En 1911, Franz Kafka (1883-1924) et son meilleur ami Max Brod (1884-1968) sont deux jeunes écrivains en devenir, le second surtout, qui a déjà commis quelques textes. Le premier ne publiera sa première œuvre, Le verdict, qu’en 1912. A la ville, Brod travaille à la poste, en attendant de reprendre un jour l’entreprise paternelle. Kafka, docteur en droit, est dans les assurances, où son tempérament "normopathe" fait merveille. Son patron est content de lui. Il lui accorde donc volontiers ses vacances à Paris. Avant de s’embarquer, les deux garçons effectuent quelques préparatifs : ils rencontrent notamment Rowohlt, un tout jeune éditeur allemand installé à Prague, qui les "sponsorise", leur commandant un guide de Paris intitulé provisoirement Pour rien. En contrepartie, il leur demande d’aller voir Kremp, son ami dépressif, et de tenter de le distraire. C’est là le point de départ à toute une série de tribulations, de mésaventures farfelues, cocasses, où l’imagination et la verve de Xavier Mauméjean s’en donnent à cœur joie.
Après un voyage calamiteux, Max et Franz débarquent dans la Ville lumière le 8 novembre 1911. Apollinaire (un "Polonais apatride") vient d’être arrêté et emprisonné, accusé du vol de La Joconde. Il sera innocenté, relâché. Les deux Tchèques le rencontreront à la Ruche, et, avec son ami Léger, il les entraînera dans une bamboula à tout casser, au cabaret du Néant, place Clichy. Les deux touristes finiront au commissariat des Batignolles, étrangers donc suspects, parlant allemand alors que la guerre menace déjà, passés à tabac, déférés au tribunal, relaxés mais de justesse. Ils repartiront chez eux soulagés. Heureusement, il y aura eu durant leur séjour d’autres moments plus agréables, en canot sur le lac du bois de Boulogne, au Louvre, au bordel (le pied pour Max, un fiasco pour Franz qui souffre d’insomnies et d’un curieux sentiment de "dédoublement"), et même dans le métro, sous la houlette d’un Kremp absolument pas dépressif et franchement noceur. Y aurait-il eu méprise sur la personne ?

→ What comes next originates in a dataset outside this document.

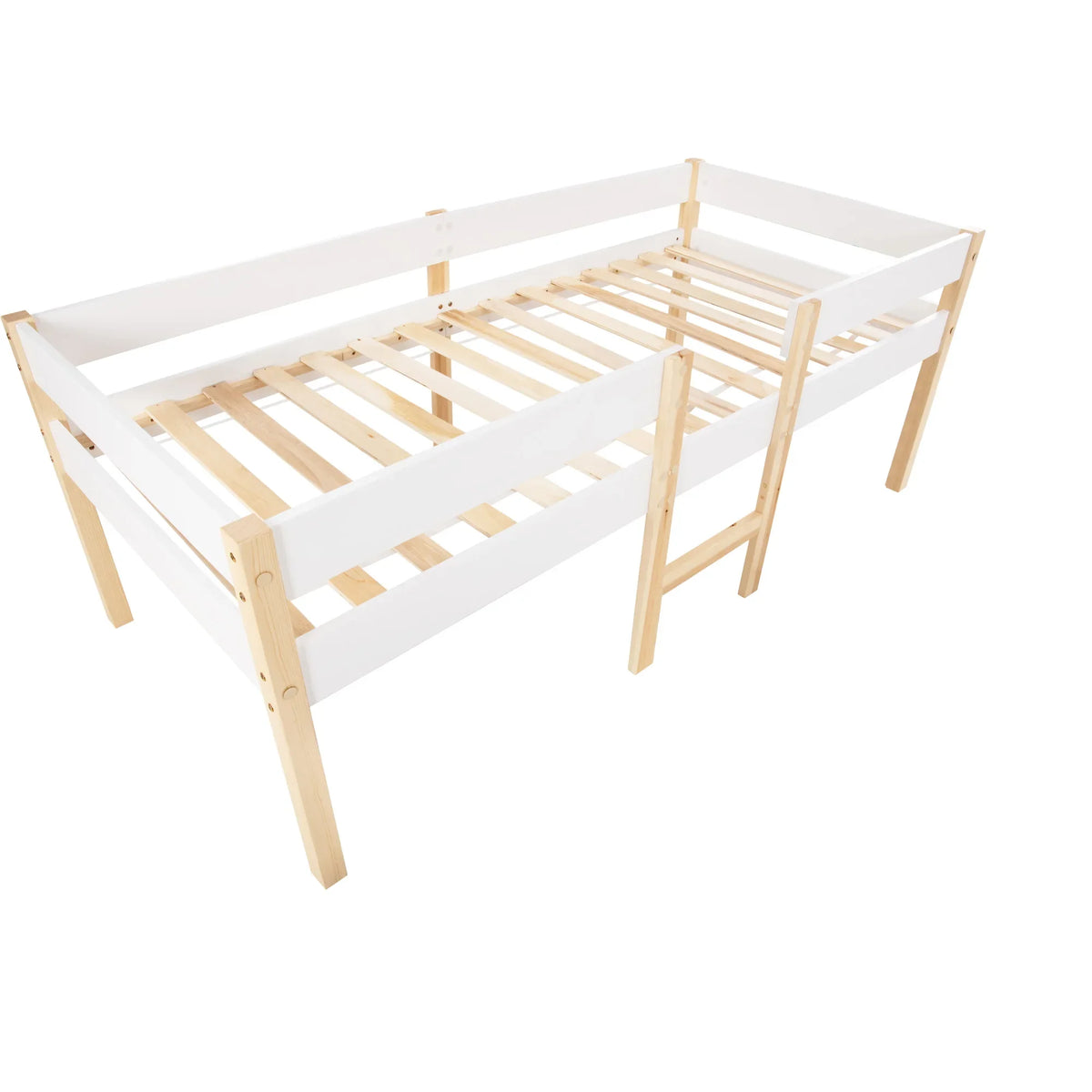 Lit mezzanine blanc et chêne tiroirs 90x200 Lilla Kids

On laisse à Xavier Mauméjean le soin d’en instruire son lecteur, à la fin, quand, s’étant arrêtés à Leipzig où s’est installé Rowohlt, les garçons font à leur éditeur le compte-rendu de leur mission, et lui présentent le fruit de leur enquête : un Pour rien bien mince, au titre prémonitoire et… kafkaïen. J.-C. P.